After surviving Lightning Sprints, I came to a lower area that was much less exposed. Again demonstrating the boomerang effect, almost immediately the storm stopped and the sun made a half-hearted attempt to come out. A strong wind picked up and strangely, by the time I was back at campus, I was only as wet as I would have been from just sweating. I peeled off my gear and demolished the remaining dozen or so cookies in the package my Grandma had sent me.

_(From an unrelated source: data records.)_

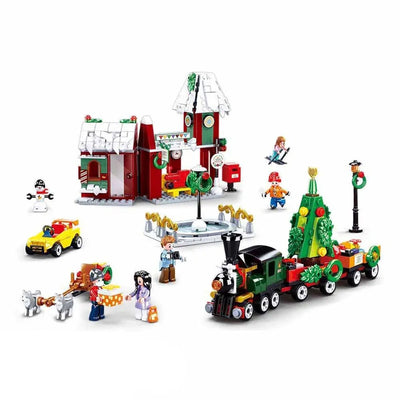 Sluban town kerstdorp bouwspeelgoed kinderen vanaf 6 jaar - constructiespeelgoed modelbouw - bouwdoos met 565 bouwstenen - m38-b0887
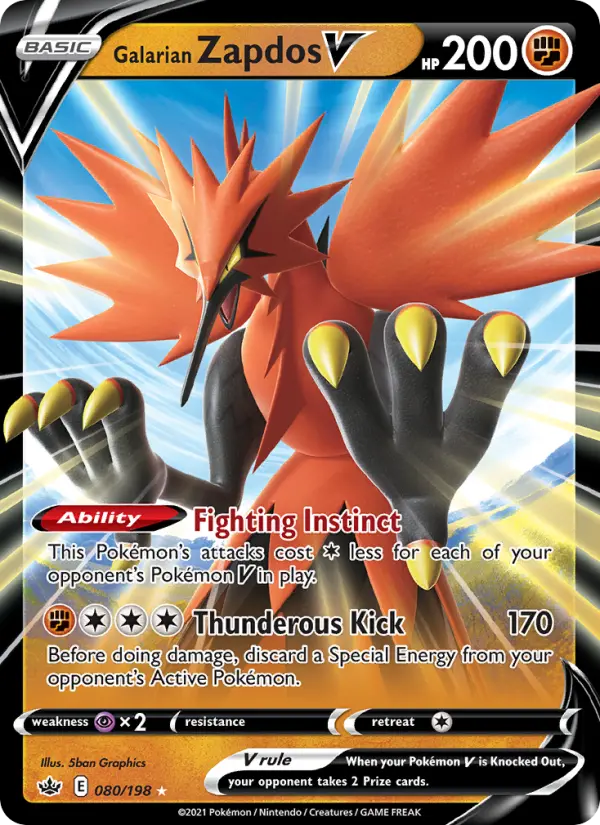Galarian Zapdos V, Pokémon card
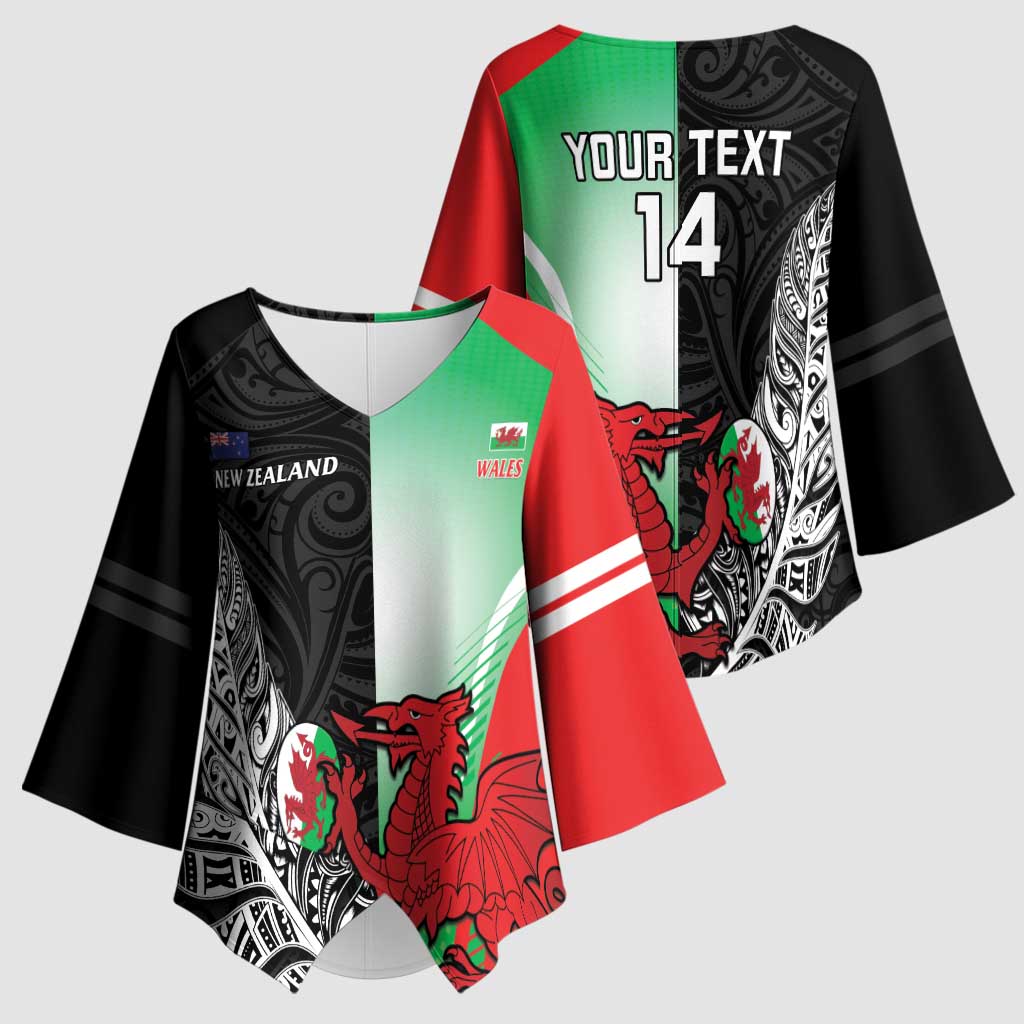 New Zealand and Wales Rugby Custom Kimono Sleeve Blouse Aotearoa All Black Combine Welsh Dragon - Aussie Hoodie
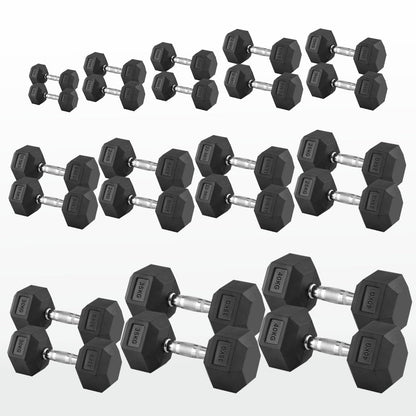Hex Dumbbells 2.5kg–60kg Pairs & Sets – Rubber-Coated Anti-Roll Weights with Knurled Steel Grip – Strength Training Dumbbell Set for Home Gym or Studio
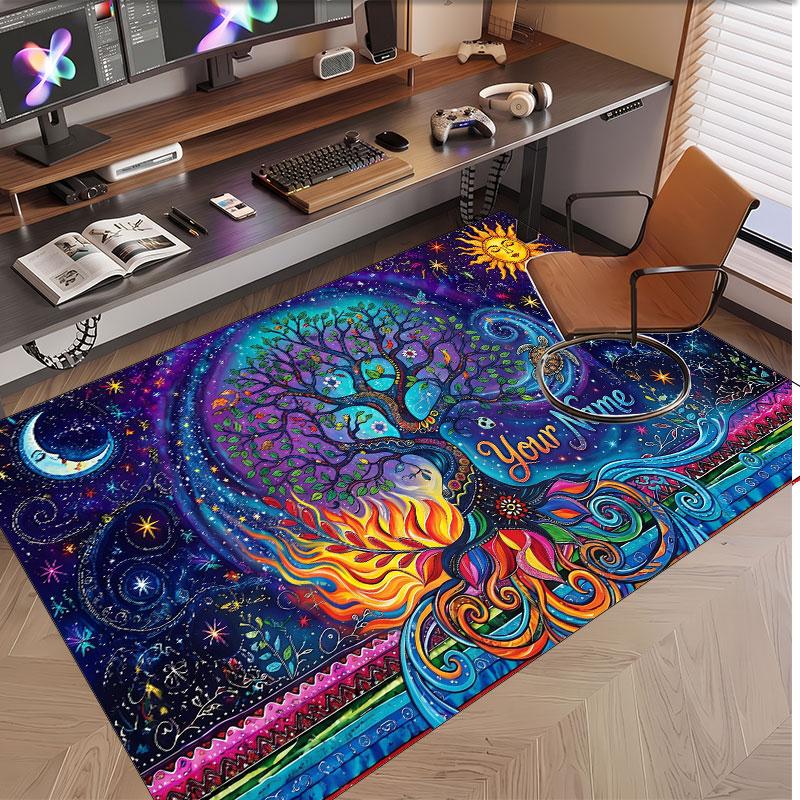 Music General Theme Soft Crystal Velvet Rug Custom Name & Text Print Non Slip Floor Rug for Bedroom Living Room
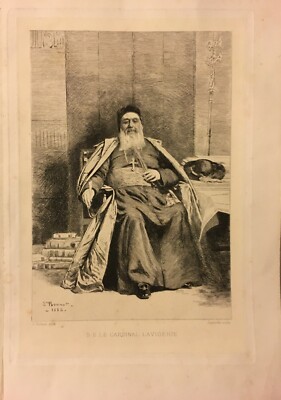 Incisione Antica Del Cardinale Lavigerie   Léon Bonnat E Félix Jasinski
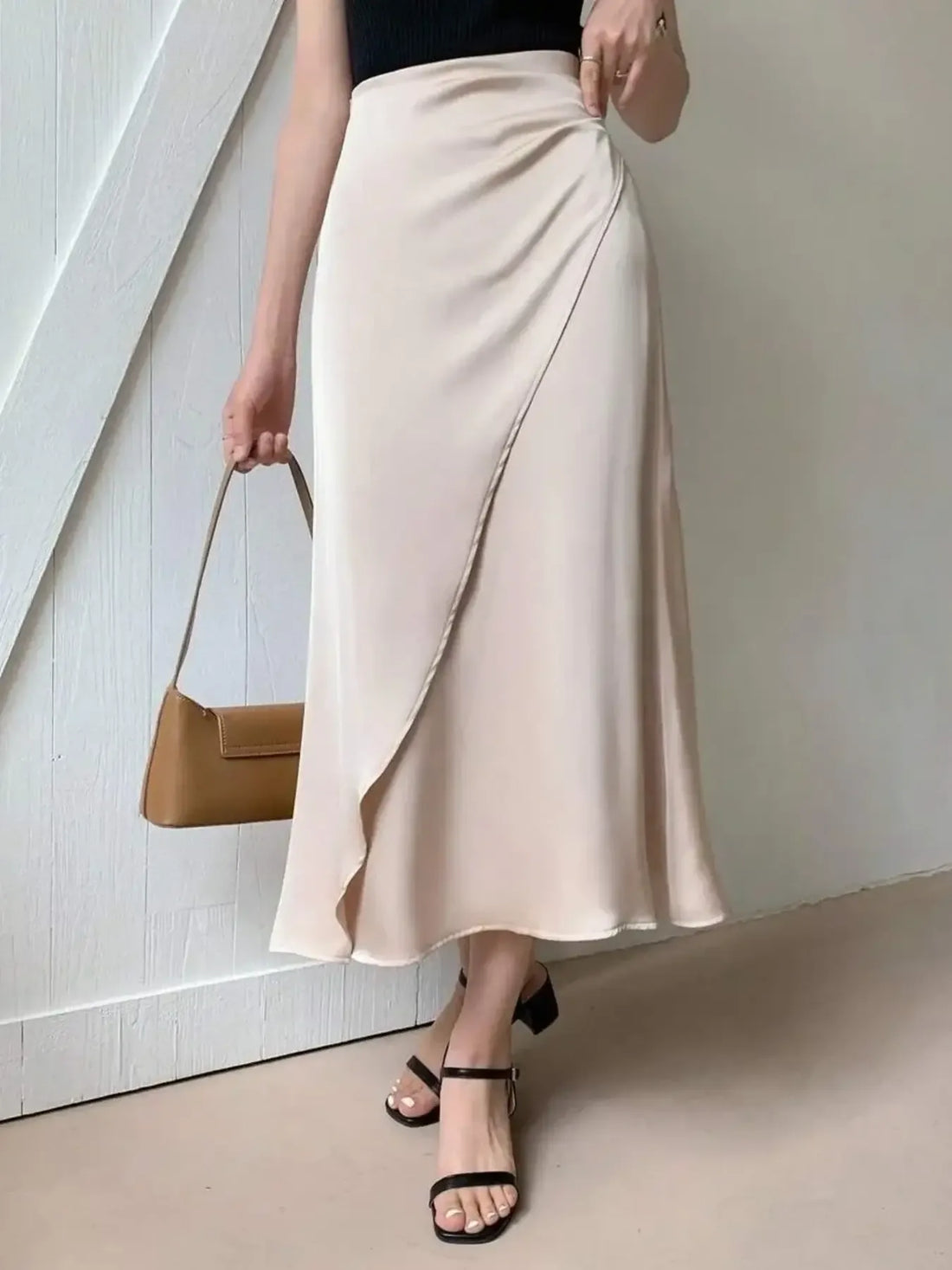 Asymmetric Wrap Midi Skirt with Fluted Hem - cas7m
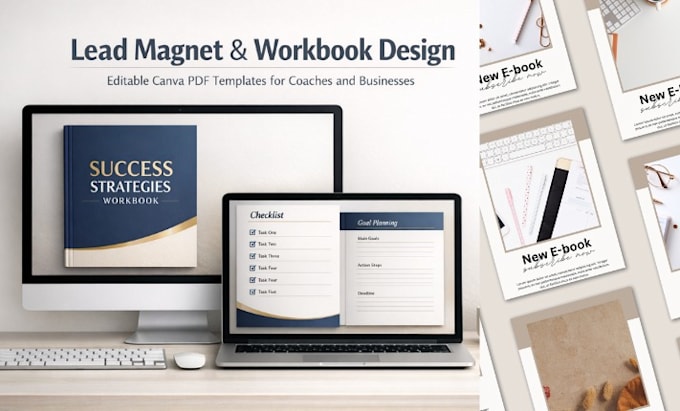 design canva workbook, ebook, pdf lead magnet, branded templates for coaches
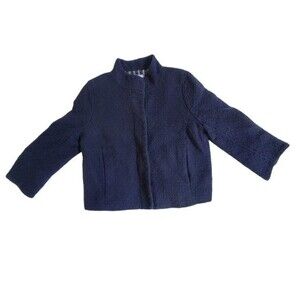 Isaac Mizrahi for Target Navy Blue Textured 4 Snap Button Jacket Deco Lining 8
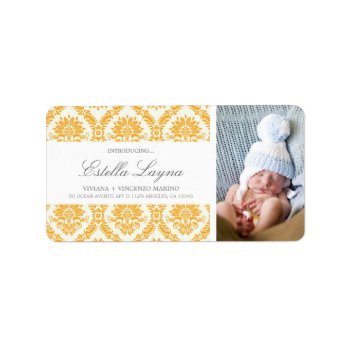 New Baby Gold Damask | Address Labels by FINEandDANDY at Zazzle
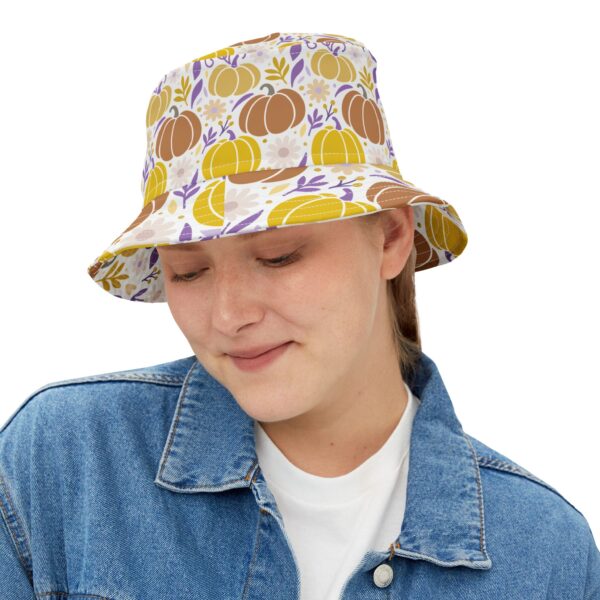 Fall Pumpkin Bucket Hat, Autumn Fashion Accessory, Harvest Season Hat, Trendy Gift for Her, Outdoor Sun Protection Hat - Image 3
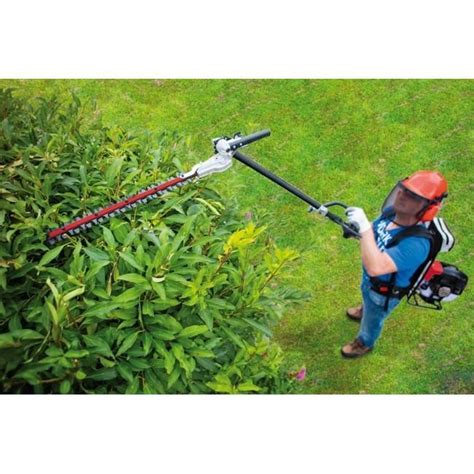 Débroussailleuse à dos en action sur des herbes hautes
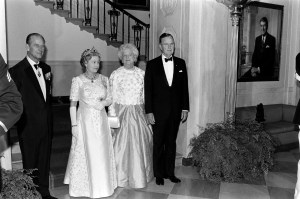 (L-R) Prince Philip, Duke of Edinburgh, Queen Elizabeth II of England, Barbara Bush, and George H.W. Bush attend an event at the White House in Washington, D.C., on May 14, 1991.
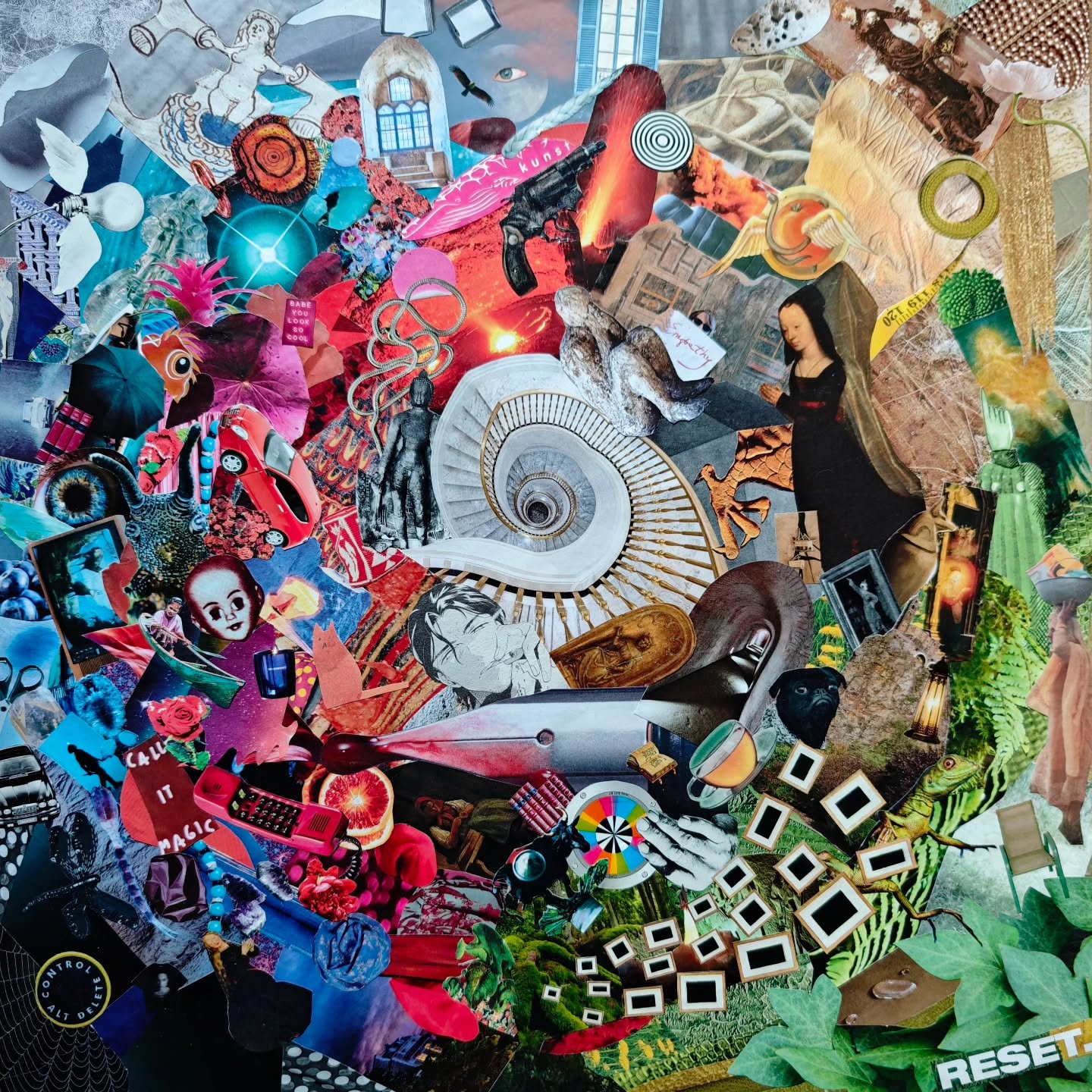The Spiral 'RESET.', a 40 × 40 cm analog collage composed of found images.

So, in conclusion, um, I guess, Mom, if you’re reading this, which I’m sure you are because you’re bored at work right now, save your comments, please. I understand that just about everything I’ve chronicled here reveals what you already know about me, that I make really dumb decisions. Yes, I know, staying up until 5:30am and then skiing in a thunderstorm is stupid. I’m in no way advocating for anyone on the ski team to combine those two like I did. However, I’ve behaved well for so long (doing well on finals, not going out every night of reading period, waking up early to train before work) that my propensity to do dumb things was bound to boil over in a string of bad decisions eventually. It’s just the way things work.
Happy Summer.
2 comments:
With Dan in Minnesota and Keel in China for the summer, I need to find a new manager for "Bad Idea Friday". Scott are you up for the challenge?
Mom
Nice story Chris, it made me chuckle seeing as how I believe I got caught rollerskiing in this same exact storm approximately 30 miles south (despite going to bed early, getting 9 hours of sleep, eating a hearty breakfast, properly hydrating, etc). The water on the roads was up to my calves. I had to have faith that if there was a rock, hole, or crack in the road that the sheer volume of water would slow me to enough to prevent any injuries. At one point I thought to myself, "these cars driving by must think I'm an idiot... oh wait, this is pretty dumb." I, too, was dry by the time I got home(minus the boots, which are probably still wet).